Je ne savais pas, monsieur, qu'on imprimât un supplément à la grande Encyclopédie, et je vois avec douleur que ce supplément est soumis à la révision de quelques cuistres de la littérature qui ne seraient pas reçus dans les antichambres de la bonne compagnie de Paris. Faut il qu'il y ait toujours en France un mélange si bizarre de ce qu'il y a de meilleur au monde, et de plus méprisable?

Ce qu'on appelle le jansénisme serait une inondation de barbares, si on le laissait faire. C'est une faction d'énergumènes atroces, encouragés par le prétexte, toujours subsistant, de soutenir les droits de la nation contre les anciennes usurpations de Rome, et qui dans le fond voudrait faire brûler le sens commun en place de Grève.

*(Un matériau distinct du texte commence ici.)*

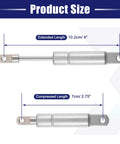 Heavy Duty Pair Of Four Inch Five Pound Gas Spring Lift Supports With Solid Carbon Steel Build, showing size details.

Les presbytériens d'Angleterre, et les anabaptistes de Munster, n'ont jamais été si dangereux que ces marauds là. Ils sont, et ils seront toujours soutenus par quelques pédants en robe qui ne peuvent avoir un reste de crédit qu'en armant continuellement le fanatisme contre la raison.

Rien ne peut mieux soutenir cette pauvre raison, qu'un homme de votre nom et de votre génie. Les jansénistes ont trouvé dans le siècle passé, des hommes de considération qui les ont protégés uniquement pour avoir le plaisir d'être chefs de parti: le temps d'une ambition plus noble est venu. Vous êtes appelé à un beau ministère: celui de rendre sages et heureux les gens qui seront dignes d'être l'un et l'autre.

Continuez, combattez à la tête d'une troupe invincible que le fanatisme peut faire taire quelquefois, mais qu'il ne peut empêcher de penser. Comptez moi, je vous en prie, monsieur, parmi les penseurs qui vous sont attachés avec le plus d'estime, de respect et d'amitié.